All the more remarkable though that the environmental lobby and An Taisce have written Brexit out of the plot as far as they are concerned.

In their ongoing diatribe against Irish agriculture, An Taisce completely dismisses Brexit as a challenge being addressed by cheese diversification investments in the dairy sector.

An Taisce suggests instead that these investments, which the organisation is currently blocking, don’t represent a market diversification strategy / bulwark against Brexit price and income threats.

Instead it believes it is a cunning attempt by outsiders to site investments in Ireland, that would not be allowed to go ahead in their respective native countries.

This notion of naive Irish and perfidious foreigners is, however, turned on its head when it is pointed out to the environmental lobby, that increasing demand for Irish dairy and meat products globally, is a reflection of global consumers choosing Ireland because they perceive that we have very high standards in sustainable food production.

Origin Green

‘Not at all’, we are told… These poor foreigners have been greenwashed by Irish cuteness and Origin Green.

Well which is it? Cute ‘hoor’ Irish or exploitative foreign capitalists? And where does foreign direct investment (FDI), which accounts for a huge chunk of Irish Gross Domestic Product (GDP), in all its pomp, fit into this conspiracy theory?

This reality-denying, confabulated nonsense or ‘flip-flopism’ surely underscores why self-anointed special interest groups, while entitled to a voice, are not entitled to a veto.

Lack of consideration for Brexit

To dismiss, as An Taisce constantly does, the biggest challenge to the Irish economy and Irish agri-sector of recent times – Brexit – smacks of extreme prejudice and a faint grasp of reality.

In the real world, from the date of the UK vote in June 2016, a range of Irish economy analyses highlighted the huge vulnerability of the dairy sector to Brexit, because of our dependence on the UK cheddar market.

A deeper analysis of the issue showed Ireland making approximately 200,000t of cheddar annually for the UK market, using approximately 2.2 billion litres of milk.

Over the next couple of years, a number of Irish dairy companies worked tirelessly in conjunction with state agencies, to construct cheese diversification projects, all involving the use of the existing Irish milk pool to make alternative cheese varieties such as Mozzarella (two projects), Dutch cheese and Norwegian Jarlsberg.
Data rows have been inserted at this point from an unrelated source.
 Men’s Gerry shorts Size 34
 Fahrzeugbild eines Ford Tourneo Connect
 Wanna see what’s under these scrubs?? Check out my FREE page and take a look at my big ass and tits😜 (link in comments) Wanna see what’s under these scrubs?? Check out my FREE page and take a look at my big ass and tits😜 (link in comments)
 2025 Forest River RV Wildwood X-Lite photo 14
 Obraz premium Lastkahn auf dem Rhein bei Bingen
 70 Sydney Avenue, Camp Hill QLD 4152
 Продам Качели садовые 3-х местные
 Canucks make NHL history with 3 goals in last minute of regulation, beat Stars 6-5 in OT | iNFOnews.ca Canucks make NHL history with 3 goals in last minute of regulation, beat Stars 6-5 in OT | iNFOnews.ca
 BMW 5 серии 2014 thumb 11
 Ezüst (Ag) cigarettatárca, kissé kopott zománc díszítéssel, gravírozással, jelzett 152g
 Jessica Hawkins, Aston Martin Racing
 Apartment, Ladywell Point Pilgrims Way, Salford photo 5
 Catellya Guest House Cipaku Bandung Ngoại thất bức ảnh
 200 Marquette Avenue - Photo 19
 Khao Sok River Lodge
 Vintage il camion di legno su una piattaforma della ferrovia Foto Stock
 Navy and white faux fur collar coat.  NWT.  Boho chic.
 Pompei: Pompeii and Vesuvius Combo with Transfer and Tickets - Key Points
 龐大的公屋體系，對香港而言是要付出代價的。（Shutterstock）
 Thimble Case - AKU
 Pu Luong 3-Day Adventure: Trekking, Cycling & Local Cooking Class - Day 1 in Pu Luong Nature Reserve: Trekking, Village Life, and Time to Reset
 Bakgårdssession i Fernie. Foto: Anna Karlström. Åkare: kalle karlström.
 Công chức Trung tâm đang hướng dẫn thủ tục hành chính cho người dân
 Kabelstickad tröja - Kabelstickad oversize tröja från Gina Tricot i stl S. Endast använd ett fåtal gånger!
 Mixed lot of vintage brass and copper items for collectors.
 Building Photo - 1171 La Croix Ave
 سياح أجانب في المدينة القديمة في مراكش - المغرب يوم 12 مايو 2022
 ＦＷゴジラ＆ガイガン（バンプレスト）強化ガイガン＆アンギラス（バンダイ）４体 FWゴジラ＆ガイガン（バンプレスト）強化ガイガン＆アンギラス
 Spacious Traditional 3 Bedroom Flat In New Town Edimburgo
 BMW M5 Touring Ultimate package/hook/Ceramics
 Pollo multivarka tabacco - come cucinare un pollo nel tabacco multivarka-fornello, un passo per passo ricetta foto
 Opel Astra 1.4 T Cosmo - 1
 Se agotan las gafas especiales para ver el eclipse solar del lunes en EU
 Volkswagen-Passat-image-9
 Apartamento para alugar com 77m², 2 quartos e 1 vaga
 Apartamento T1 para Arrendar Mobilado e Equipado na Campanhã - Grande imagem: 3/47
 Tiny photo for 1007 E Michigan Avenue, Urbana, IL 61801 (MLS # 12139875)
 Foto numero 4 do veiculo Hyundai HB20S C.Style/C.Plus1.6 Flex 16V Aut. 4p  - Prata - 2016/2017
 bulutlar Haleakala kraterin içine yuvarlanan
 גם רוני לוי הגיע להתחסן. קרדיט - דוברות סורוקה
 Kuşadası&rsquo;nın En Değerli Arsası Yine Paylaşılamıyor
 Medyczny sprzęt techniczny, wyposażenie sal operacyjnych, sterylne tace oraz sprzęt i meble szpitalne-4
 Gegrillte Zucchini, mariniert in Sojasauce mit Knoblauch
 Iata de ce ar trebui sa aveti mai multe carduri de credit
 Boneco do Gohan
To characterise these Brexit diversification projects as “an overspill of dairy production in the wake of the lifting of quotas“, according to An Taisce, is mis-characterisation and a myth.

It ignores the very real impact of Brexit and its consequent trade and product diversification imperatives, including the trade discussions taking place this very week between the UK and Australia and the talks later this year between New Zealand and UK.

Brexit remains a real threat

In the real world, the Irish dairy sector has shown a capability and accountability in finding and executing cheese diversification projects in response to the real challenge of Brexit.

Brexit is real and is happening and must be responded too.

Blocking trade diversification responses to Brexit has real impact on jobs and incomes. Nonsensical conspiracy theories are not a response.